These indications of a friendly disposition, on the part of the Legislature, to promote Colonization, together with some movements among the colored people favorable to the proposed enterprise, led to the appointment of a Committee of Correspondence, in 1850, to coÖperate with the Agent in carrying out the enterprise so happily set on foot by Mr. McMicken. The committee was directed to give its counsel to the Agent, and adopt such measures as it might deem necessary to promote the cause of Colonization in the State; but, more especially, to aim at enlisting the churches in the work. This it has done in various ways, as may be seen by reference to the public prints. By its direction, the Agent renewed his efforts for an appropriation from the Legislature, but as a new Constitution was then in the course of preparation, that body declined all further action, until the future policy of the State should be settled. The Constitutional Convention was then approached, and it was proposed to introduce a special clause into the new Constitution, giving the Legislature power to appropriate money for African Colonization. This measure was resisted by those who were striving to secure the privileges of citizenship, in the State, for colored men; and by those who desired to prevent the surrounding States from driving their free colored people into Ohio. This last party being much the strongest in the Convention, the friends of Colonization had either to abandon their proposition, or couple it with a provision excluding any further immigration of colored people into the State. This policy being repugnant to their feelings, and the general powers conferred on the Legislature being considered amply sufficient to warrant it in fostering Colonization, the friends of the proposition declined to press its passage, and it was abandoned.

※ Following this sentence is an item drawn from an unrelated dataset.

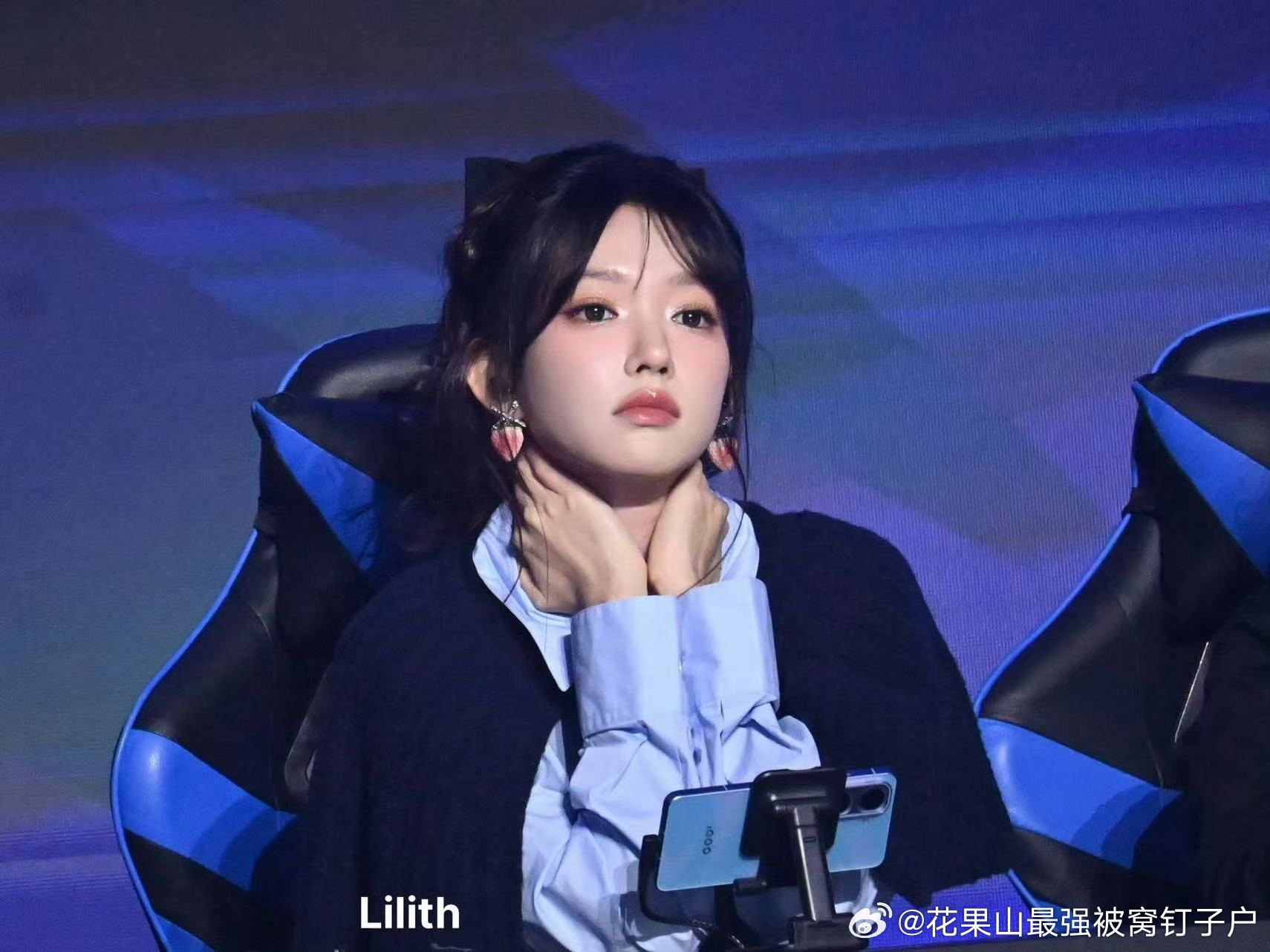 程潇机场边走路边打游戏北京第一野妹上线！程潇机场赶路依旧不忘王者上分，行走途中专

About this period, the project of encouraging Colonization, by establishing a line of “Steam-Ships,” to run between this country and Liberia, was agitated; and it so far received the advocacy of the public press, as to lead to the hope that the General Government would adopt the measure.

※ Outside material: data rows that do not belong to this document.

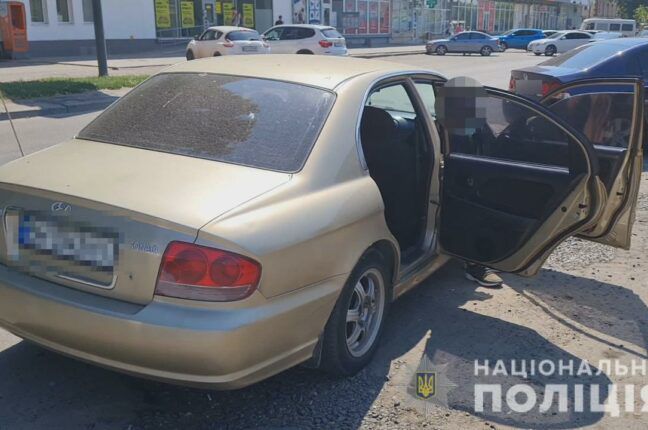 В Одессе иностранцы обокрали автомобиль горожанина (ВИДЕО)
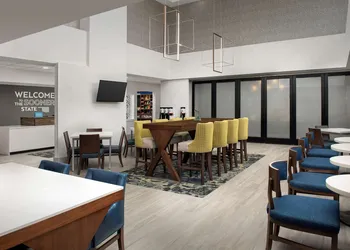 Hampton Inn Duncan hotel thumbnail 7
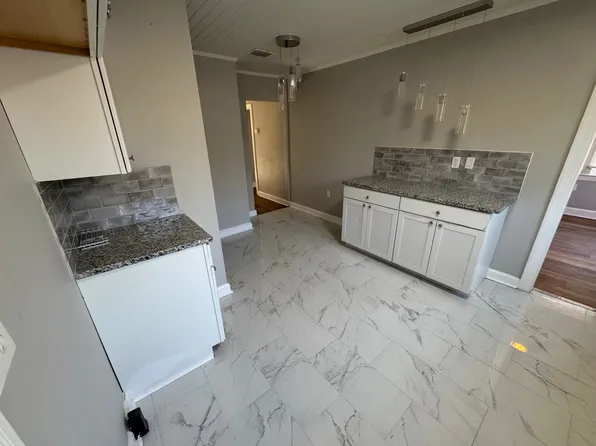 11669 Lem Turner Rd, Jacksonville, FL 32218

This important movement was succeeded by “Stanley’s Bill,” to devote the last instalment of the “Surplus Revenue,” to the several States, for Colonization purposes, in the proportions required by the law of 1836. As the success of this Bill, in Congress, would have given to the State of Ohio, annually, thereafter, the sum of $33,454, to build up our “Ohio in Africa,” it was considered of vital importance to secure its passage. Instead, therefore, of approaching our Legislature, to ask an appropriation, the Agent was directed to secure its influence with the General Government, in behalf of “Stanley’s Bill;” but before recommendatory resolutions could be carried through the Legislature, that important measure received its deathblow in Congress.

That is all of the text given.